Manteiga ou canhões

A defesa da Europa ocidental sem um empenhamento forte dos EUA será muito difícil.

As primeiras edições do Economics – o famoso manual de Paul Samuelson que educou gerações de economistas – ilustravam o problema da escassez e da concomitante necessidade de escolha recorrendo à alternativa do título. Então eram os tempos da guerra fria, mas a escolha é de novo crítica. Ela parece, contudo, ignorada em Portugal. Só o PCP a trouxe à ribalta quando, no último debate quinzenal, perguntou que programas sociais iria o governo sacrificar para atingir a meta de 3% do PIB destinados à defesa. A procura de dividendos era clara, mas a questão é pertinente: mais canhões e menos manteiga?
A defesa da Europa ocidental sem um empenhamento forte dos EUA será muito difícil. A defesa e segurança coletivas no âmbito da NATO são bens públicos pois não é possível (material, política ou moralmente) garanti-las para um membro excluindo outros. Sabendo isto, cada estado desejará que todos os outros invistam o mais possível na segurança coletiva gastando ele o menos possível. Assim, os estados, em particular aqueles que menos sentem uma ameaça direta, têm incentivos a ‘ir à boleia’ dos outros, protelando, mitigando ou mesmo mascarando a escolha entre ‘manteiga e canhões’.

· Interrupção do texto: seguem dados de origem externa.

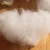 Import Hollow Silicon Polyester staple fiber 7D 15D from China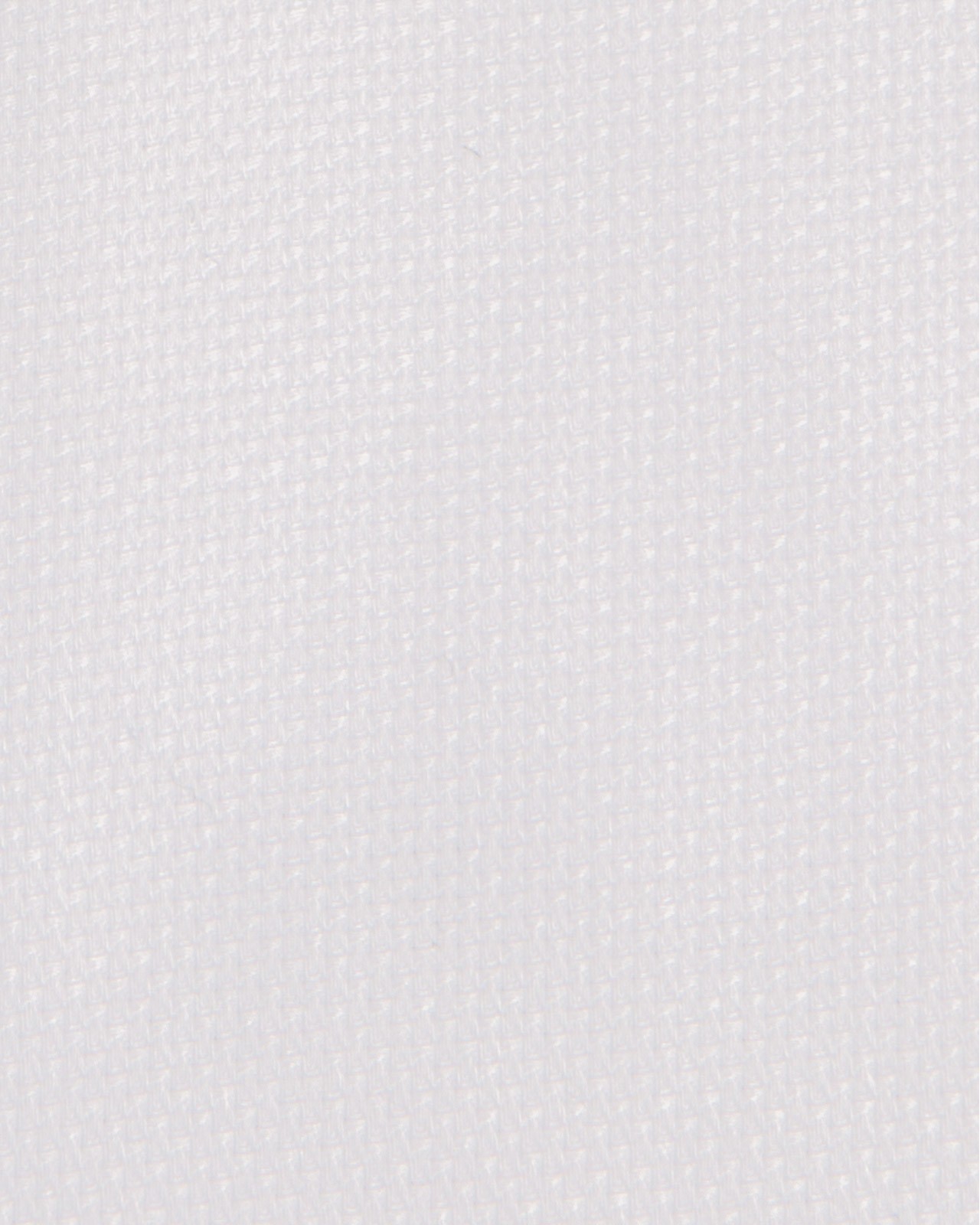 Chemise dobby grande taille blanche - NI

Este problema de coordenação só tem duas soluções. A que existia, e que era os EUA bancarem o essencial da capacidade militar da NATO. Protegidos pelo músculo militar americano os estados europeus puderam desviar recursos para fins sociais e prosseguir políticas externas próprias, quantas vezes desalinhadas com as do protetor. Este foi um modelo que não obrigou a escolhas difíceis entre ‘mais canhões ou mais manteiga’ e, por isso, sobreviveu sem pôr em causa a União. Mas só até quando o protetor permitir. E, ao que tudo indica, deixará de o permitir.

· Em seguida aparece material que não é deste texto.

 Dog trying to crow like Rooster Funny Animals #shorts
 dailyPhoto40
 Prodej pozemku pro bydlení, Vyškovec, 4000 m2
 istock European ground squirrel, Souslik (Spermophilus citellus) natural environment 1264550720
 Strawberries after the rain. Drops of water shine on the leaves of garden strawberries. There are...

A solução alternativa, é a Europa assumir a sua defesa coletiva dentro da NATO (com os EUA funcionando apenas como um garante nuclear de última instância). À primeira vista, a Europa tem meios para tal. Como um relatório recente do European Council of Foreign Relations (’Defending Europe with less America’) notava, os aliados europeus gastaram em defesa em 2023 quatro vezes mais do que mais que a Rússia; as suas forças militares combinadas são maiores que os da Rússia ou dos EUA; cinco países europeus estão entre os principais dez exportadores globais de armas; e, por último, os aliados europeus gastam agora mais €159 mil milhões por ano do que há 10 anos, (mesmo assim, menos em percentagem do PIB do que gastavam durante a guerra fria). Mas esta abundância é mais aparente que real. De acordo com o mesmo relatório, muitos exércitos europeus tornaram-se “exércitos de bonsai”, que oferecem apenas amostras de capacidades importantes, em vez de forças grandes, robustas e prontas para o combate.

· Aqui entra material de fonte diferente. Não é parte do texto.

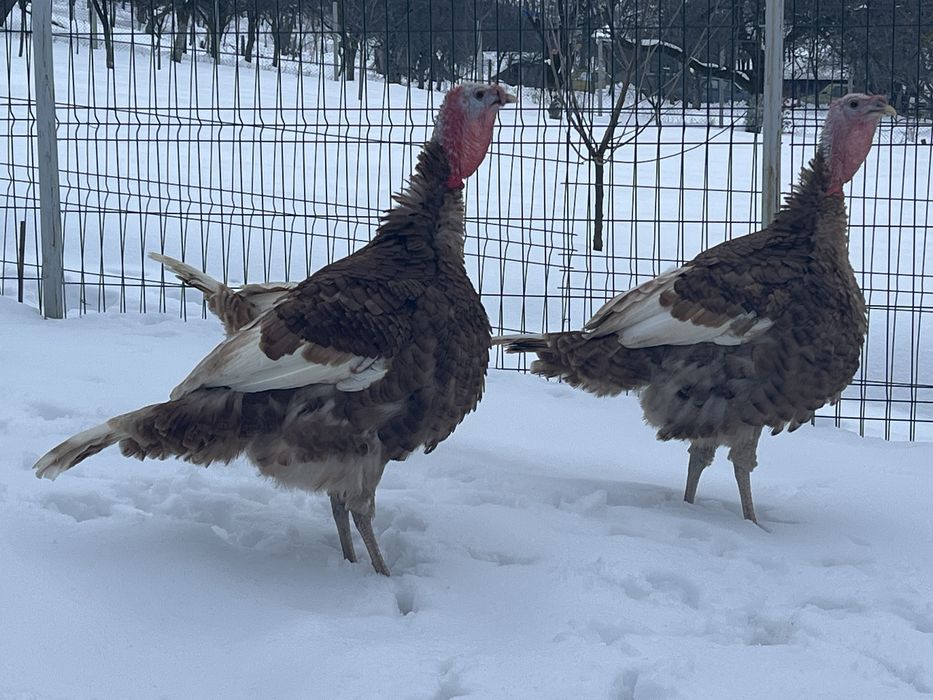 Curcan 2025 rasa grea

Contudo, a dificuldade mais profunda e frequentemente ignorada é que a União Europeia não extinguiu as Nações sobre os quais se construiu, e cujos alinhamentos externos seculares não se esbatem com a mera existência de um Alto Comissário para as Relações Externas. Esses alinhamentos e interesses dão origem a fraturas entre os europeus na questão primeira de qualquer estratégia de defesa e segurança que é a da definição dos inimigos e da política de alianças aliados, como as posições divergentes perante a ameaça russa, o Médio Oriente ou a China revelam claramente.
Conceptualmente a UE encontra-se num momento que tem paralelo ao vivido nos primórdios da República Americana quando se confrontaram a visão confederal mais lassa de Thomas Jefferson com a de um estado federal forte de Alexander Hamilton, a qual acabou por prevalecer. Temo bem que, também na UE, sem uma vitória à la Hamilton não possa existir uma defesa comum credível em alternativa ao protetorado americano.